キャッチコピーは「時代が終わる。すべてがはじまる。」[5]「仮面ライダーを愛してくれたあなたへ ― あなたの記憶に、彼らは生きているか。」。
「仮面ライダー平成ジェネレーションズ」シリーズの第3弾で平成仮面ライダー20作記念映画であり、特撮テレビドラマ『仮面ライダージオウ』と『仮面ライダービルド』をメインとしたクロスオーバー作品[6]。『ビルド』としては3本目、『ジオウ』としては1本目の劇場作品である。また、両作品のほか平成仮面ライダーシリーズ第1作である『仮面ライダークウガ』、『ジオウ』と同じくタイムトラベルを題材とした『仮面ライダー電王』、平成仮面ライダーシリーズ10周年記念作品の秋の陣にあたる『仮面ライダーW』も大きく扱われており、平成仮面ライダーシリーズの歴代主役仮面ライダーも登場する[6]。
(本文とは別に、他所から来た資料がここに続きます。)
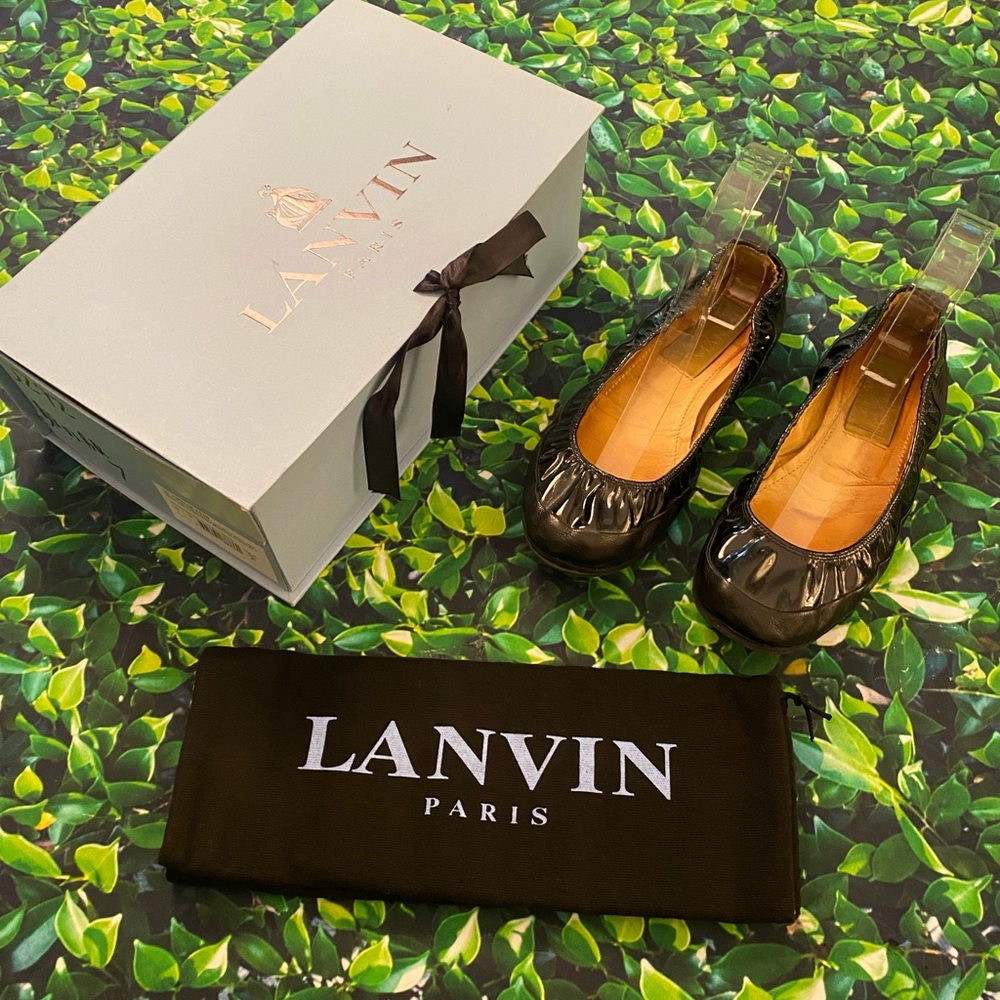 EUC Lanvin Patent Black Leather Ballet Flats - 37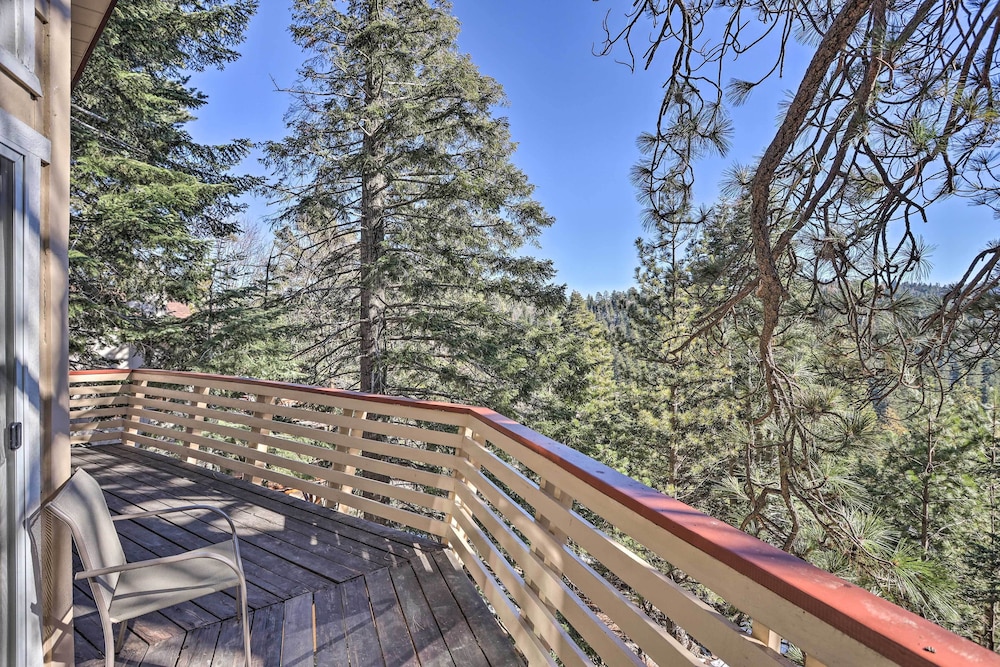 Quaint Cabin Retreat  4 Mi to Arrowhead Lake - Property Image 4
脚本は『ジオウ』メインライターの下山健人、監督は『ビルド』最多監督の山口恭平がそれぞれ担当[6]。山口は本作品が劇場作品初担当である[6]。
2018年10月14日には茨城県庁前でエキストラ約500人を動員し、県庁前4車線道路を8時間に渡って完全封鎖するという、大がかりなロケが行われた[7]。
- 『仮面ライダービルド』
- テレビシリーズの後日譚として位置付けられており、新世界の戦兎たちが登場する[注釈 2][出典 1]。
- 『仮面ライダージオウ』
- 仮面ライダージオウ ダブルアーマーおよびクウガアーマーがテレビシリーズに先駆けて登場する[15]。また、テレビシリーズにはいずれも別人による変身、もしくは別個に召喚された存在として、EP39とEP40、EP41とEP43には本作品で登場したアナザー電王[16]が、EP43にはアナザーダブルとアナザークウガ[17]がそれぞれ登場する。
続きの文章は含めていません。